Work instruction :: Reproduce the lines below exactly, from the one containing "Job Interview Scene" through the one containing "Off-Shoulder Evening Plain", both included. Leave out any pictures.

Input data ::
--

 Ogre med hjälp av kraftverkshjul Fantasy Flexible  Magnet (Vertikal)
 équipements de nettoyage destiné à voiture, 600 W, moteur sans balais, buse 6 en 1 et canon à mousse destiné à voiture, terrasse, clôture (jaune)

--

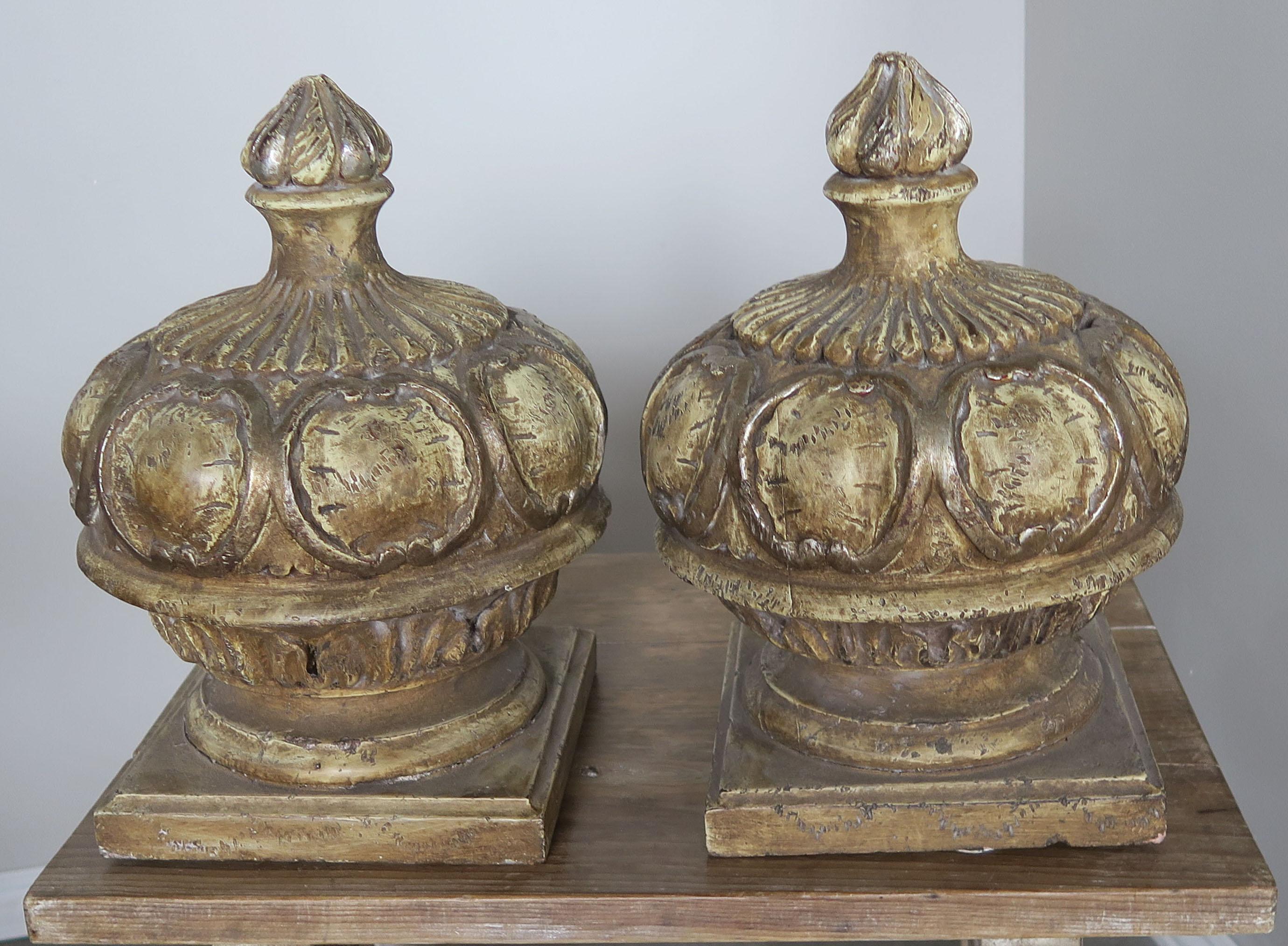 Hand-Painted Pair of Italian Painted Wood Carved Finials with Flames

--

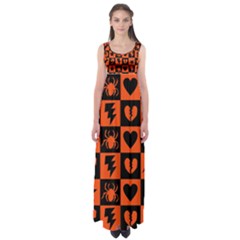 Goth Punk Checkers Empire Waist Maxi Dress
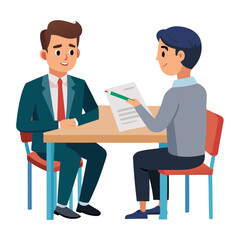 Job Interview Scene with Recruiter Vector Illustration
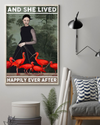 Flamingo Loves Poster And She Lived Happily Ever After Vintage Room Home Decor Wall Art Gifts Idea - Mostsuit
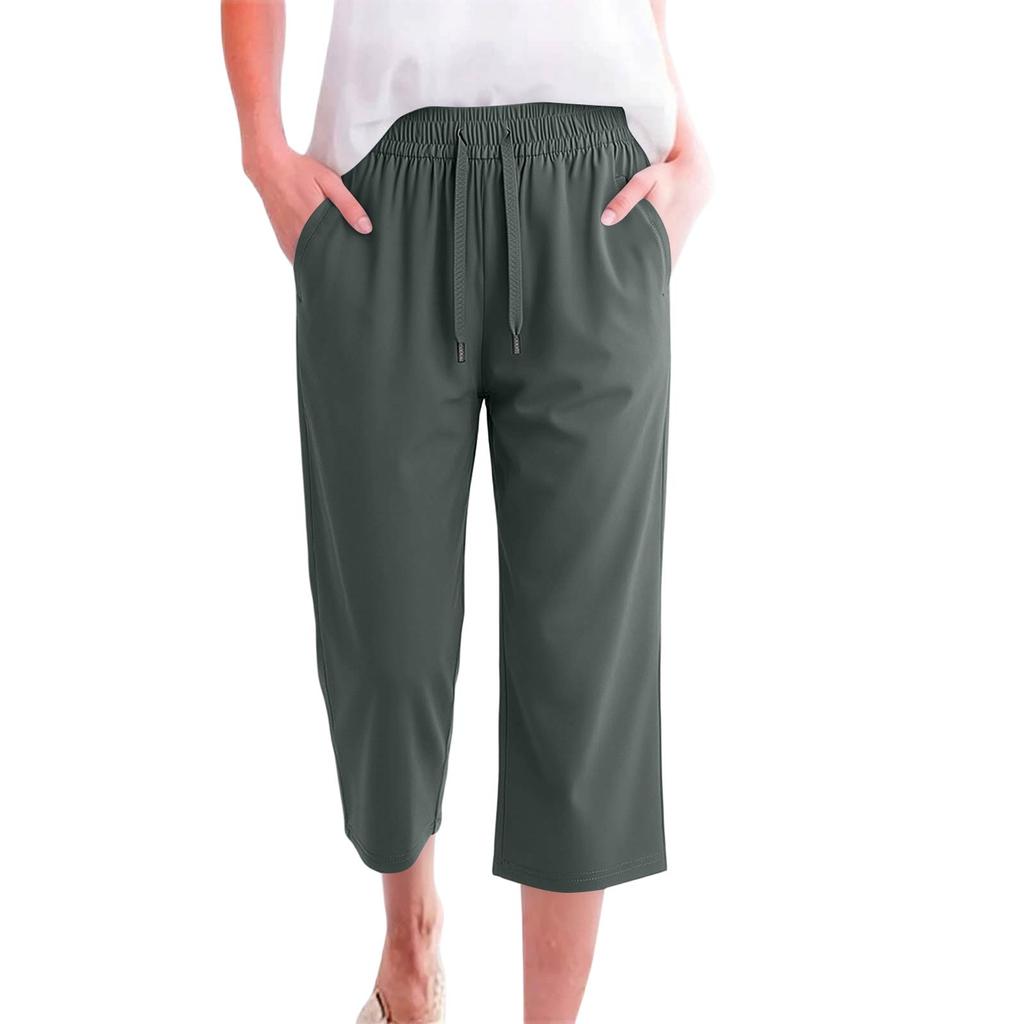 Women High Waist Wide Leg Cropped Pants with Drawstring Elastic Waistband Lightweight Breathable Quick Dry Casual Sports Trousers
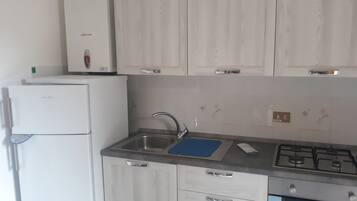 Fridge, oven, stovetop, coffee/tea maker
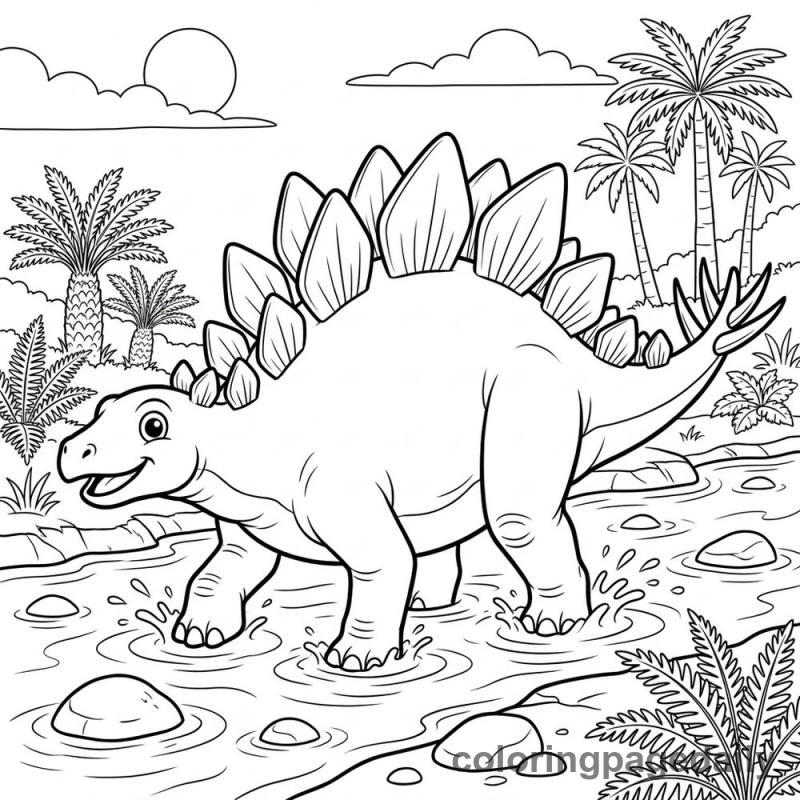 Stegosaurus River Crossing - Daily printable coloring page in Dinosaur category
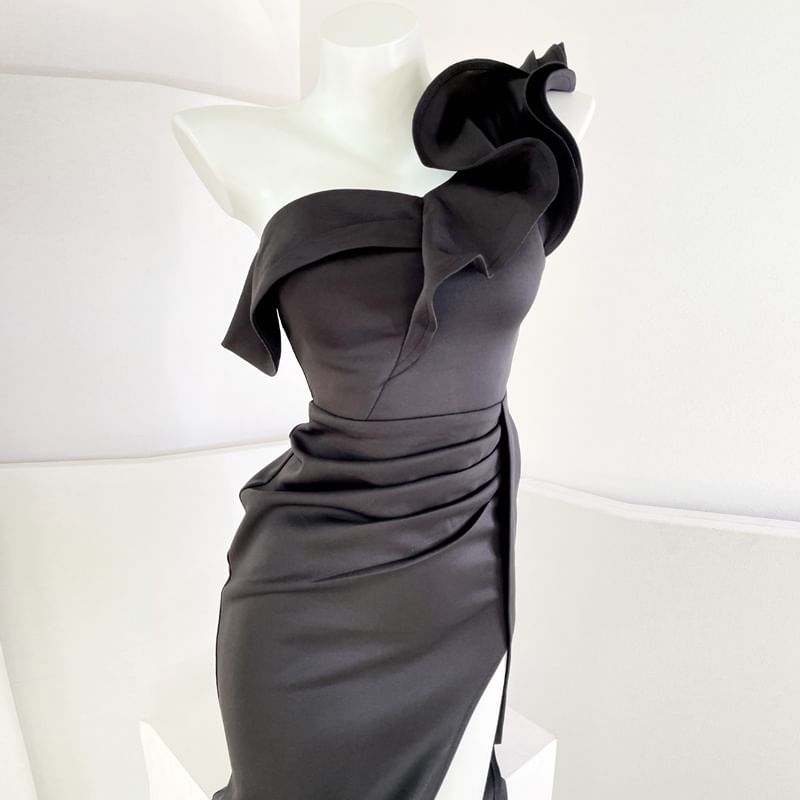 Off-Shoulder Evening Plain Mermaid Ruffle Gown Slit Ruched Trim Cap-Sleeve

--

Reply to the exercise ::
 Job Interview Scene with Recruiter Vector Illustration
 Flamingo Loves Poster And She Lived Happily Ever After Vintage Room Home Decor Wall Art Gifts Idea - Mostsuit
 Women High Waist Wide Leg Cropped Pants with Drawstring Elastic Waistband Lightweight Breathable Quick Dry Casual Sports Trousers
 Fridge, oven, stovetop, coffee/tea maker
 Stegosaurus River Crossing - Daily printable coloring page in Dinosaur category
 Off-Shoulder Evening Plain Mermaid Ruffle Gown Slit Ruched Trim Cap-Sleeve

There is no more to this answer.